#### Assignment:
Exclude all pictures, then write out exactly the lines below from the first one through the line with "AppleMacPro Late 2013/12コア/64GB/ SSD500G".

*** Material for this task Section Begins ***

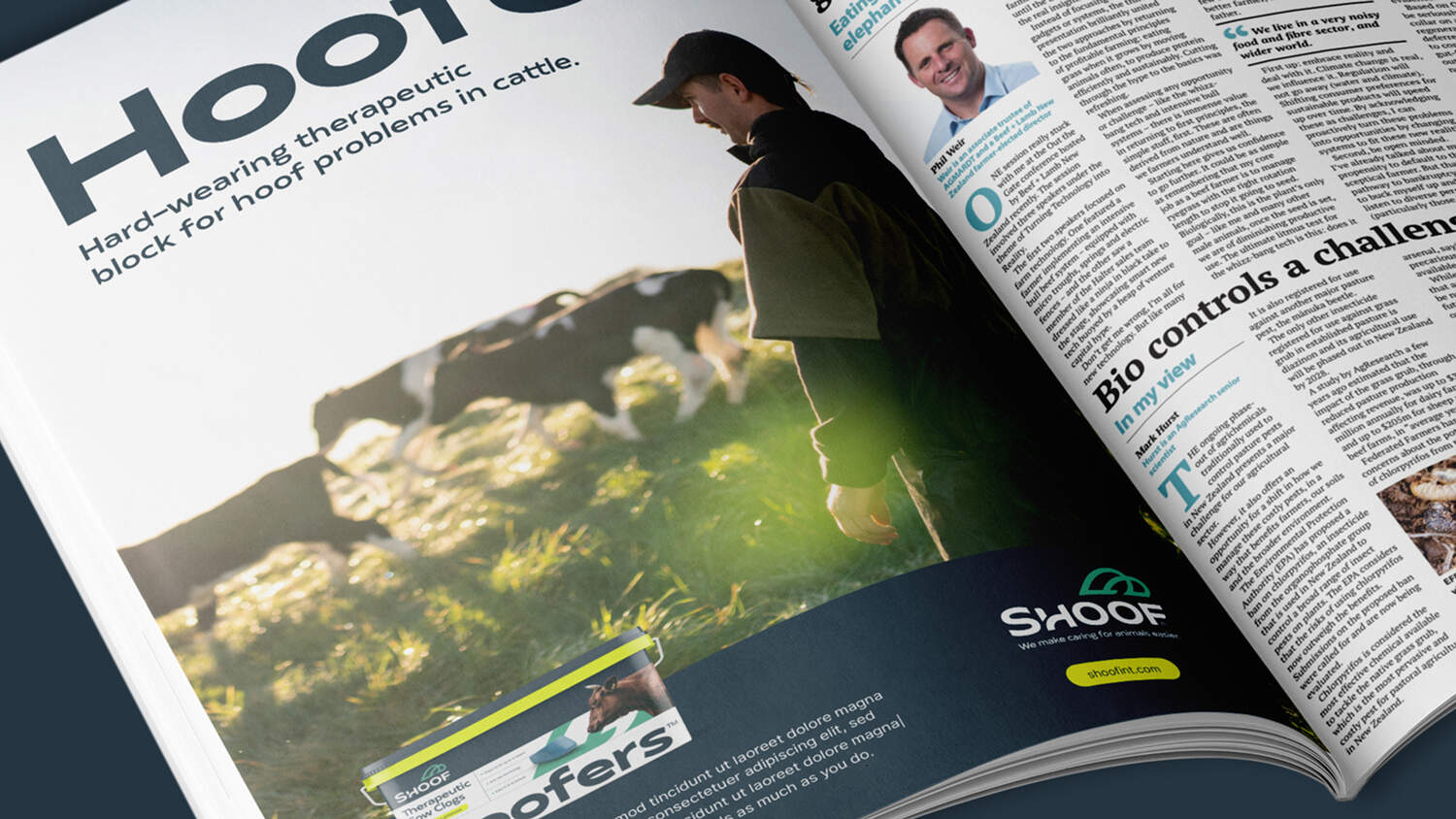 Shoof Magazine
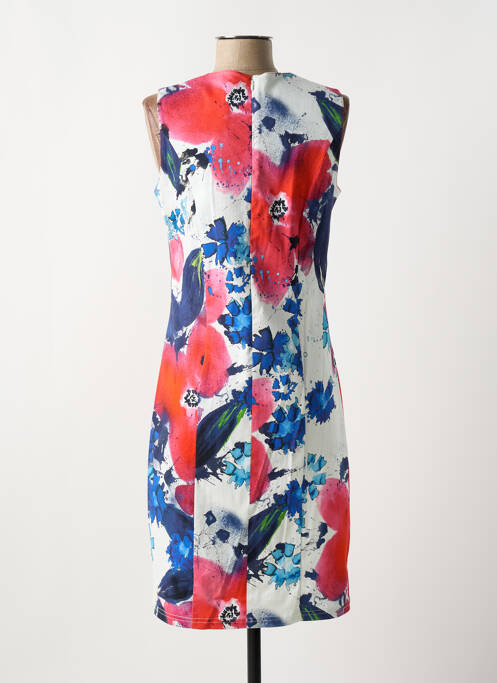 Rochie midi albastru GUY DUBOUIS femeie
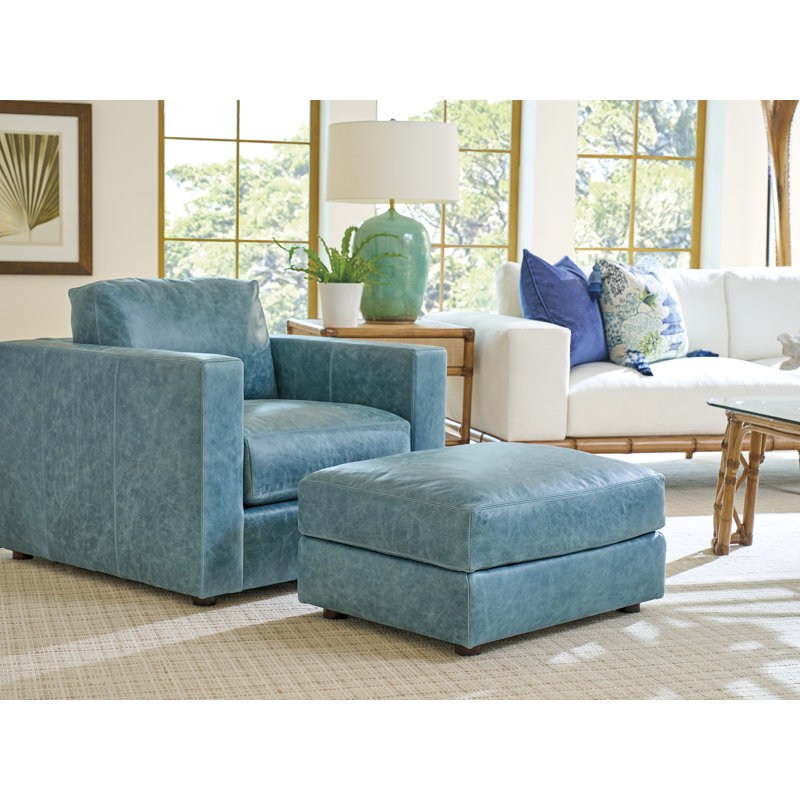 Key Biscayne Ottoman
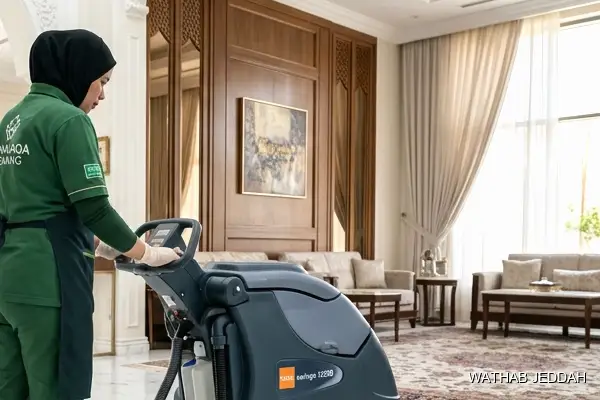 Villa Cleaning in Mushrifah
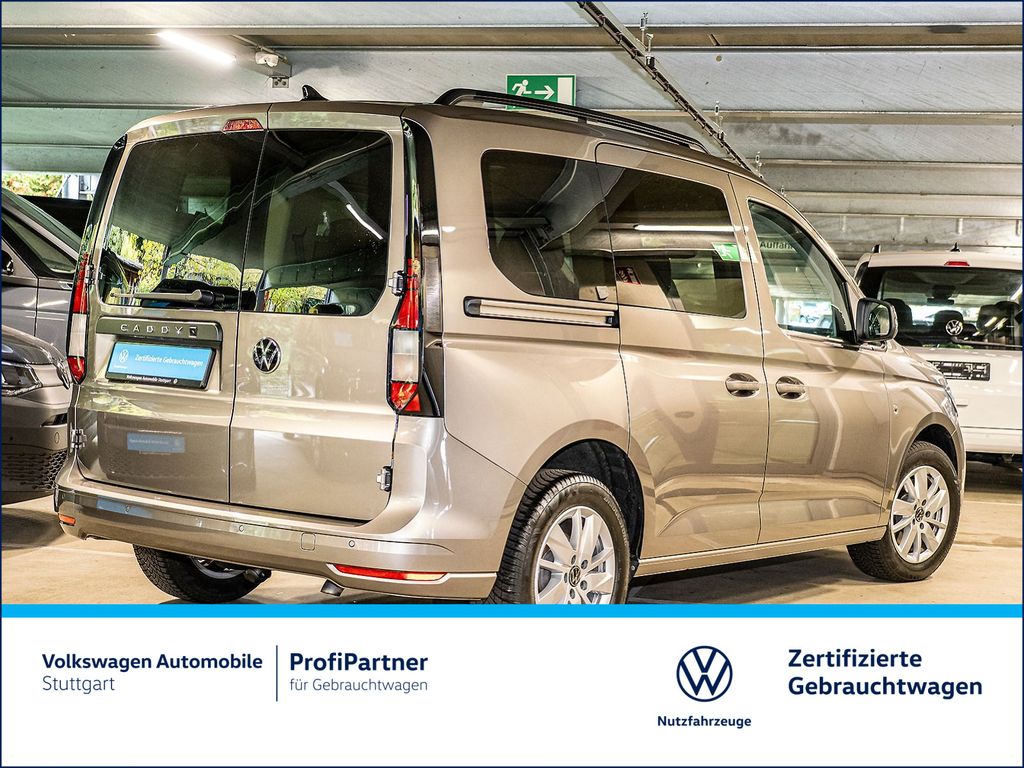 Volkswagen Caddy 2024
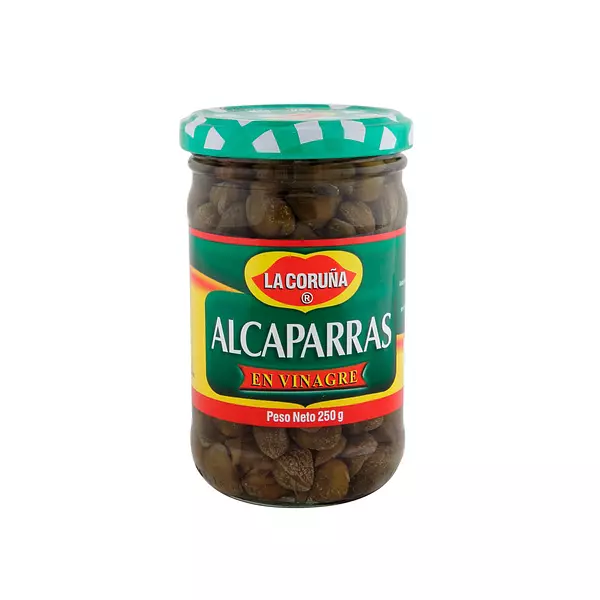 Alcaparra de Vinagre Coruña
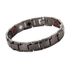 Kaiyi Jewelry Men's Magnetic Therapy Hematite Titanium Steel Bracelet Detachable_ipsvogv.com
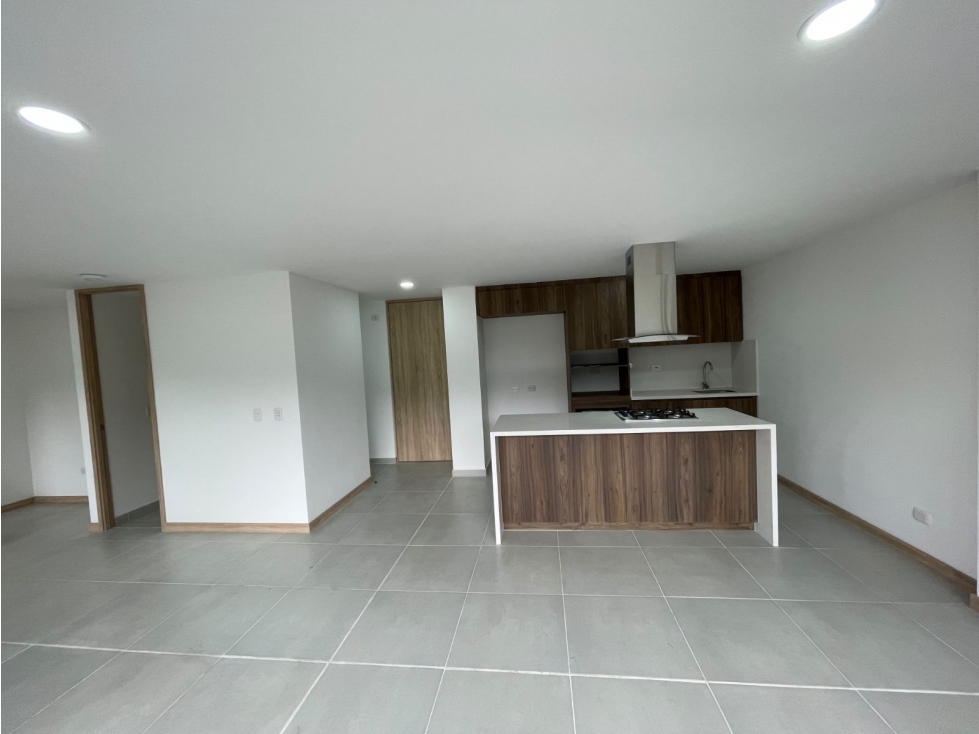 87m2 Apartamento para Estrenar Sector Ceipa en Sabaneta — foto 3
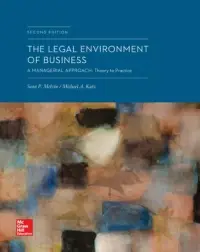 在飛比找博客來優惠-The Legal Environment of Busin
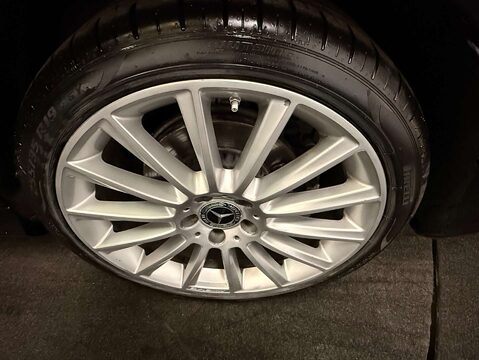 Mercedes-Benz C Class 2.1 C 250 AMG Line D 4Matic Auto 4WD 4dr 46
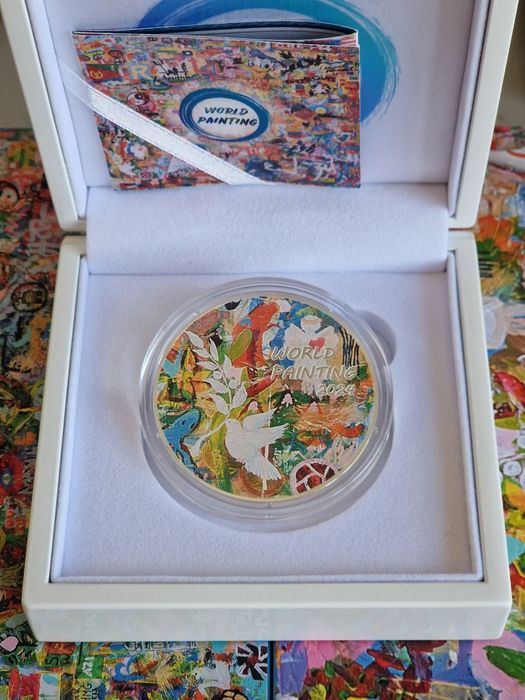 Серебряные монеты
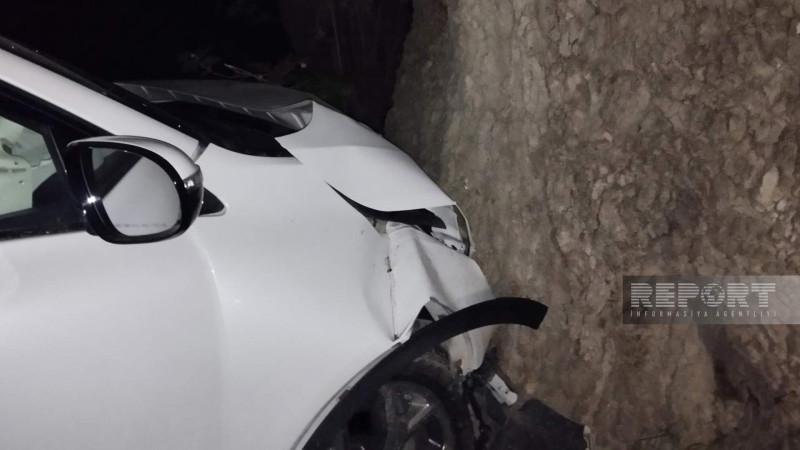 Bakı-Quba yolunda qəzaya düşənlərin kimliyi açıqlanıb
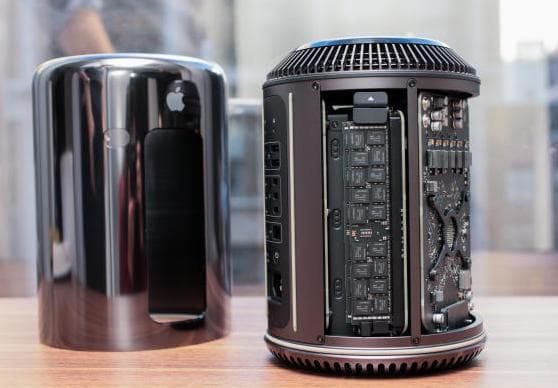 AppleMacPro Late 2013/12コア/64GB/ SSD500G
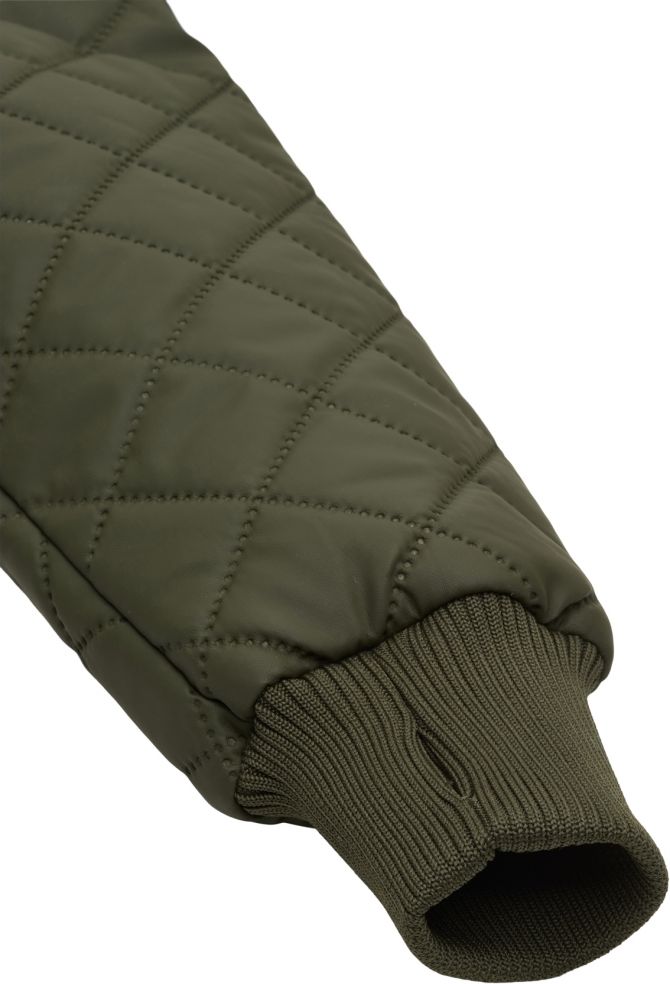 Mikk-Line dětský fleece termo oblek Duvet Forest Night 16812 Velikost: 86 - obrázek 5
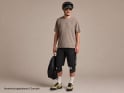 MALOJA Shorts TorreM. Enduro | black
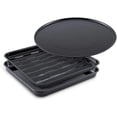 thumbnail image 3 of Breville The Smart Oven Pro Convection Toaster Oven, Silver, 3 of 7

*** Material for this task Section Ends ***

#### Completed task:
 Shoof Magazine
 Rochie midi albastru GUY DUBOUIS femeie
 Key Biscayne Ottoman
 Villa Cleaning in Mushrifah
 Volkswagen Caddy 2024
 Alcaparra de Vinagre Coruña
 Kaiyi Jewelry Men's Magnetic Therapy Hematite Titanium Steel Bracelet Detachable_ipsvogv.com
 87m2 Apartamento para Estrenar Sector Ceipa en Sabaneta — foto 3
 在飛比找博客來優惠-The Legal Environment of Busin
 Mercedes-Benz C Class 2.1 C 250 AMG Line D 4Matic Auto 4WD 4dr 46
 Серебряные монеты
 Bakı-Quba yolunda qəzaya düşənlərin kimliyi açıqlanıb
 AppleMacPro Late 2013/12コア/64GB/ SSD500G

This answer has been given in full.